1 J.L. Garet, « Montherlant sous l’occupation », in: Vingtième Siècle, revue d’histoire, n°31, juillet-septembre 1991. pp. 65-74.
2 Conservée au Pôle patrimoine de la Bfm de Limoges.
3 Philippe d’Hugues, « Ce haïssable théâtre filmé », 1895, revue d’histoire du cinéma, n°15, 1993. pp. 55-64.
4 Corrèze, avril-mai 1942, n°4, p. 151.
5 Dictionnaire biographique Le Maitron, en ligne.

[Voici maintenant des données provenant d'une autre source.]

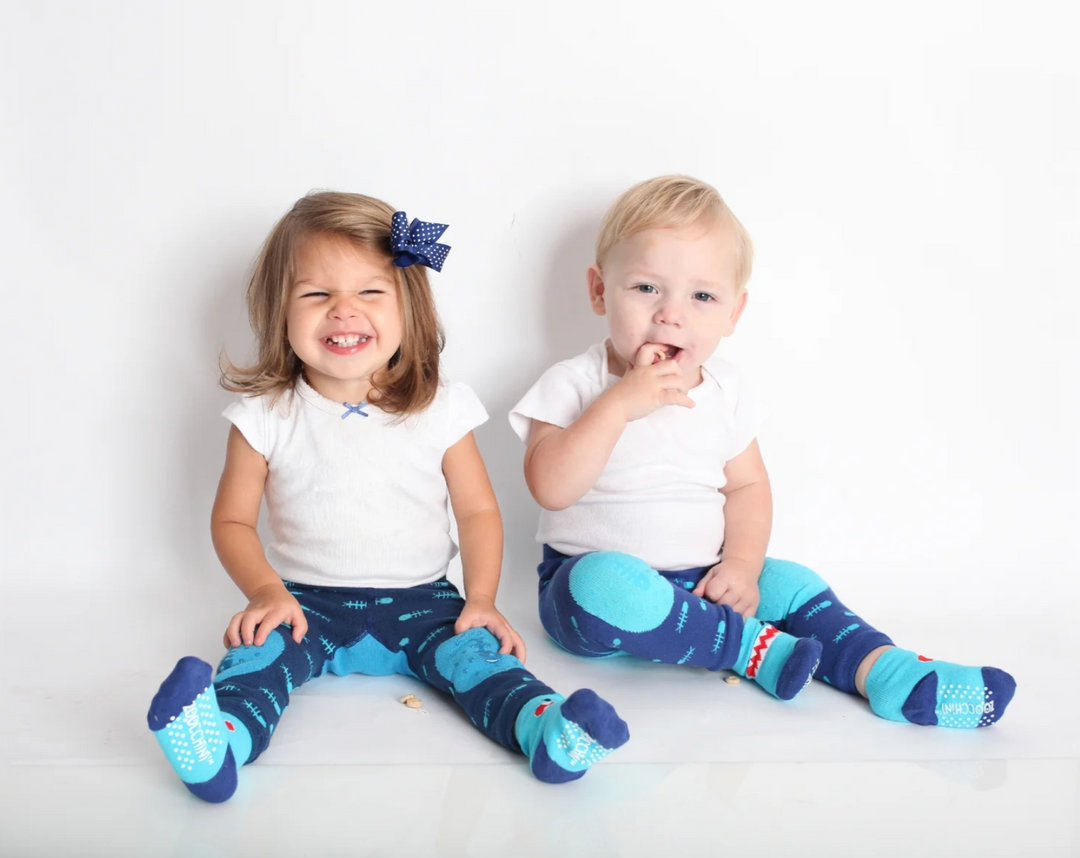 grip+easy™ Comfort Crawler Legging & Sock Set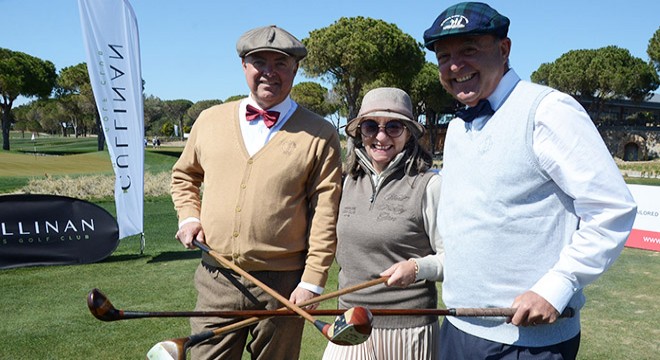 Antalya'da nostalji golf turnuvası başladı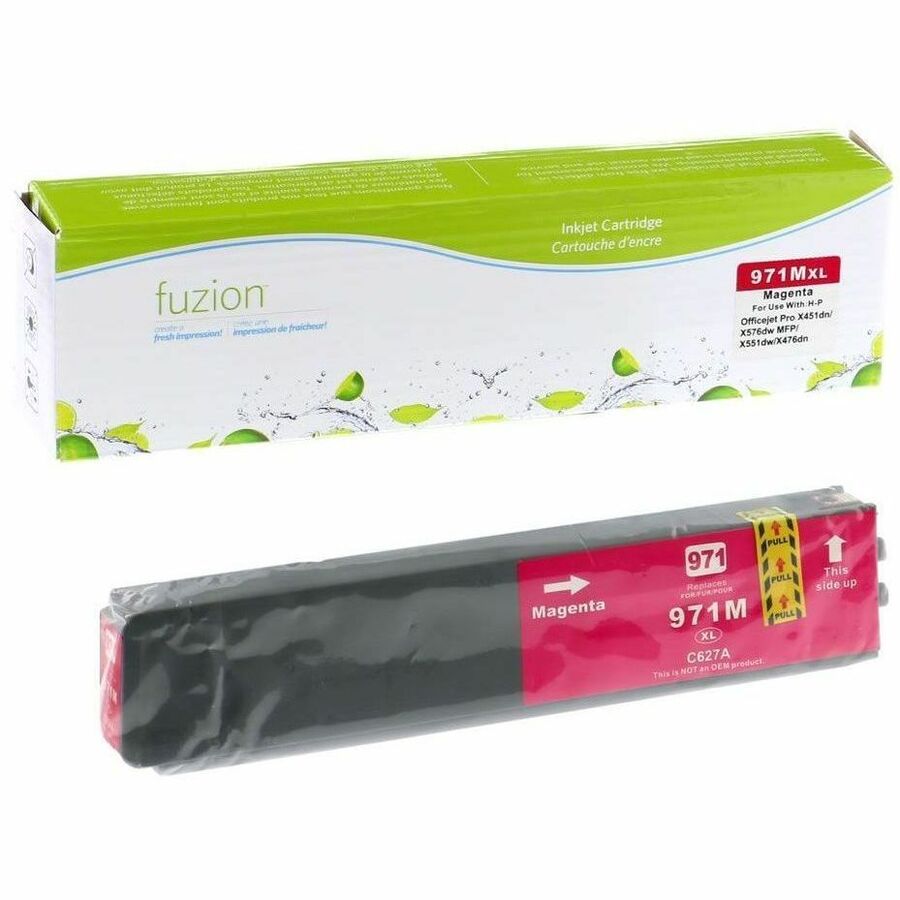 fuzion - Alternative for HP #971XL Remanufactured Inkjet - Magenta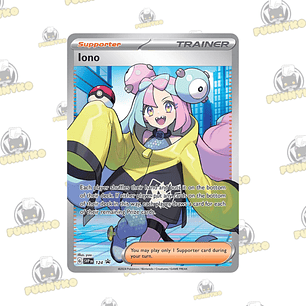 Iono - 124 Promo (Inglés)
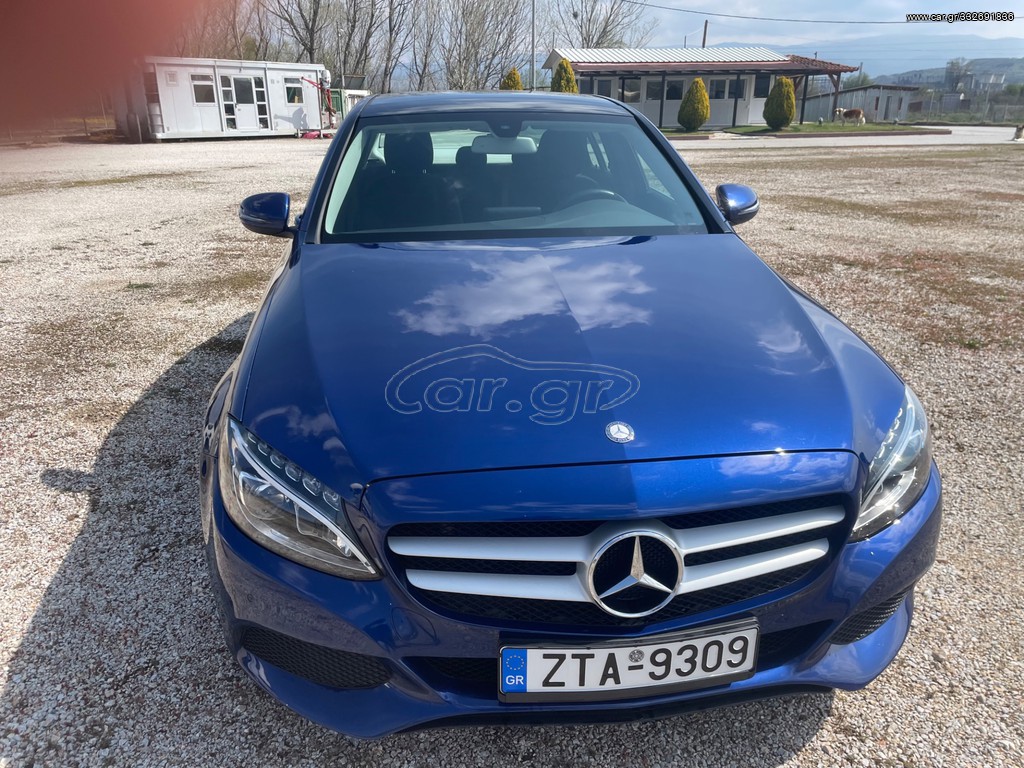 Mercedes-Benz C 300 '16 e Exclusive 9G-TRONIC HYBRID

6 S. Zeitoun, « Accueil des enfants juifs étrangers en France et leur sort sous l’Occupation », in : Accueil et formation des enfants étrangers en France de la fin du XIXe siècle au début de la Deuxième Guerre mondiale
Actes de la journée d’étude organisée par la SIHFLES à la Cité nationale de l’histoire de l’immigration, Palais de la Porte Dorée, Paris le 7 mai 2010, p.123-144.